## Work request
Set the records down again. Match every line exactly.

Available data below:

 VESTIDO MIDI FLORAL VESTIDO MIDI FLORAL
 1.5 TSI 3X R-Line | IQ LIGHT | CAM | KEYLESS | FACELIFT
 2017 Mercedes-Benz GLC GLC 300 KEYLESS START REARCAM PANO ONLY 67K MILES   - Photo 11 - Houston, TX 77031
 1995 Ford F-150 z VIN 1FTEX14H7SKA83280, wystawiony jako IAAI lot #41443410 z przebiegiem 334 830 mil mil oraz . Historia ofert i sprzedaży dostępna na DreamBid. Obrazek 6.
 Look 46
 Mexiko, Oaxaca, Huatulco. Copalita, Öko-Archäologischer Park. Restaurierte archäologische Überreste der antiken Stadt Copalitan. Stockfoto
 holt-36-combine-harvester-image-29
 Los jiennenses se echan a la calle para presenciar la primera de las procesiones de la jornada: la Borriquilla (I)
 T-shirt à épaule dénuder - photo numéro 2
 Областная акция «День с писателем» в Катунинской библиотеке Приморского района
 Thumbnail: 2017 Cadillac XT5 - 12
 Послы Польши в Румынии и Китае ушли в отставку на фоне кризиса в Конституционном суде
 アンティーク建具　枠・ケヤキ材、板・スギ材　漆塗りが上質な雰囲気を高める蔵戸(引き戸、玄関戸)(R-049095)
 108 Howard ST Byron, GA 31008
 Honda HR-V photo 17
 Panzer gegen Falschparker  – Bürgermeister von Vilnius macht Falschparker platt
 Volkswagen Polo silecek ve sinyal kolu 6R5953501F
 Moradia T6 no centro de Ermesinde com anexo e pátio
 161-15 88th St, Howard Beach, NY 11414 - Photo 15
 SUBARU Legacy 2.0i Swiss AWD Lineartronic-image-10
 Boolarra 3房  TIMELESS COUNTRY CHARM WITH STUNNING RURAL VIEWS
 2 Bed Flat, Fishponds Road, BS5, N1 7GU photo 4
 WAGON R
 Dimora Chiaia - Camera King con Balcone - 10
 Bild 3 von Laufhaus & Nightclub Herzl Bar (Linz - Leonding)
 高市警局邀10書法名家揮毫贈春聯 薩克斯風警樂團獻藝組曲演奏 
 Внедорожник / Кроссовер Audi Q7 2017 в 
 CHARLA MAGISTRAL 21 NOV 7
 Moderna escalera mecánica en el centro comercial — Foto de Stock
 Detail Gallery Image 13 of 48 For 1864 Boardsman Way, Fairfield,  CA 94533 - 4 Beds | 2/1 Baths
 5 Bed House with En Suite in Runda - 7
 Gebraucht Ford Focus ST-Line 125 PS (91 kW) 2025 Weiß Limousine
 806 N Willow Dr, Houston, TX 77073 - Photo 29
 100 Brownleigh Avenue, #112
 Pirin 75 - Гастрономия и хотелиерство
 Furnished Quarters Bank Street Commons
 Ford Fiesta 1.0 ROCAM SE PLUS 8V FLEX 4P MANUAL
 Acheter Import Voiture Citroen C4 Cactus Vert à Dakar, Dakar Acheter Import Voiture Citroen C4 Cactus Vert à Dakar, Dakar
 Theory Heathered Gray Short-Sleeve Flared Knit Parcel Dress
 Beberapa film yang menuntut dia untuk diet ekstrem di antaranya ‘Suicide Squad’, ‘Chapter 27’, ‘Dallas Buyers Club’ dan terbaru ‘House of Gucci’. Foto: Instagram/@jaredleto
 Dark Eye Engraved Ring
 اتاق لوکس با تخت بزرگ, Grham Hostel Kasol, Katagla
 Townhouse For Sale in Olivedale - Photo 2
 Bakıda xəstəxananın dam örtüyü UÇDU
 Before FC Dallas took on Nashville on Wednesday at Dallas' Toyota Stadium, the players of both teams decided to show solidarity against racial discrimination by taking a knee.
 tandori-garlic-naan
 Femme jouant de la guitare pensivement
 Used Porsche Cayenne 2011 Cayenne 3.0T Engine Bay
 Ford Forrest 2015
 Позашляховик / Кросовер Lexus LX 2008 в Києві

End of Available data.

## Task answer
 VESTIDO MIDI FLORAL VESTIDO MIDI FLORAL
 1.5 TSI 3X R-Line | IQ LIGHT | CAM | KEYLESS | FACELIFT
 2017 Mercedes-Benz GLC GLC 300 KEYLESS START REARCAM PANO ONLY 67K MILES   - Photo 11 - Houston, TX 77031
 1995 Ford F-150 z VIN 1FTEX14H7SKA83280, wystawiony jako IAAI lot #41443410 z przebiegiem 334 830 mil mil oraz . Historia ofert i sprzedaży dostępna na DreamBid. Obrazek 6.
 Look 46
 Mexiko, Oaxaca, Huatulco. Copalita, Öko-Archäologischer Park. Restaurierte archäologische Überreste der antiken Stadt Copalitan. Stockfoto
 holt-36-combine-harvester-image-29
 Los jiennenses se echan a la calle para presenciar la primera de las procesiones de la jornada: la Borriquilla (I)
 T-shirt à épaule dénuder - photo numéro 2
 Областная акция «День с писателем» в Катунинской библиотеке Приморского района
 Thumbnail: 2017 Cadillac XT5 - 12
 Послы Польши в Румынии и Китае ушли в отставку на фоне кризиса в Конституционном суде
 アンティーク建具　枠・ケヤキ材、板・スギ材　漆塗りが上質な雰囲気を高める蔵戸(引き戸、玄関戸)(R-049095)
 108 Howard ST Byron, GA 31008
 Honda HR-V photo 17
 Panzer gegen Falschparker  – Bürgermeister von Vilnius macht Falschparker platt
 Volkswagen Polo silecek ve sinyal kolu 6R5953501F
 Moradia T6 no centro de Ermesinde com anexo e pátio
 161-15 88th St, Howard Beach, NY 11414 - Photo 15
 SUBARU Legacy 2.0i Swiss AWD Lineartronic-image-10
 Boolarra 3房  TIMELESS COUNTRY CHARM WITH STUNNING RURAL VIEWS
 2 Bed Flat, Fishponds Road, BS5, N1 7GU photo 4
 WAGON R
 Dimora Chiaia - Camera King con Balcone - 10
 Bild 3 von Laufhaus & Nightclub Herzl Bar (Linz - Leonding)
 高市警局邀10書法名家揮毫贈春聯 薩克斯風警樂團獻藝組曲演奏 
 Внедорожник / Кроссовер Audi Q7 2017 в 
 CHARLA MAGISTRAL 21 NOV 7
 Moderna escalera mecánica en el centro comercial — Foto de Stock
 Detail Gallery Image 13 of 48 For 1864 Boardsman Way, Fairfield,  CA 94533 - 4 Beds | 2/1 Baths
 5 Bed House with En Suite in Runda - 7
 Gebraucht Ford Focus ST-Line 125 PS (91 kW) 2025 Weiß Limousine
 806 N Willow Dr, Houston, TX 77073 - Photo 29
 100 Brownleigh Avenue, #112
 Pirin 75 - Гастрономия и хотелиерство
 Furnished Quarters Bank Street Commons
 Ford Fiesta 1.0 ROCAM SE PLUS 8V FLEX 4P MANUAL
 Acheter Import Voiture Citroen C4 Cactus Vert à Dakar, Dakar Acheter Import Voiture Citroen C4 Cactus Vert à Dakar, Dakar
 Theory Heathered Gray Short-Sleeve Flared Knit Parcel Dress
 Beberapa film yang menuntut dia untuk diet ekstrem di antaranya ‘Suicide Squad’, ‘Chapter 27’, ‘Dallas Buyers Club’ dan terbaru ‘House of Gucci’. Foto: Instagram/@jaredleto
 Dark Eye Engraved Ring
 اتاق لوکس با تخت بزرگ, Grham Hostel Kasol, Katagla
 Townhouse For Sale in Olivedale - Photo 2
 Bakıda xəstəxananın dam örtüyü UÇDU
 Before FC Dallas took on Nashville on Wednesday at Dallas' Toyota Stadium, the players of both teams decided to show solidarity against racial discrimination by taking a knee.
 tandori-garlic-naan
 Femme jouant de la guitare pensivement
 Used Porsche Cayenne 2011 Cayenne 3.0T Engine Bay
 Ford Forrest 2015
 Позашляховик / Кросовер Lexus LX 2008 в Києві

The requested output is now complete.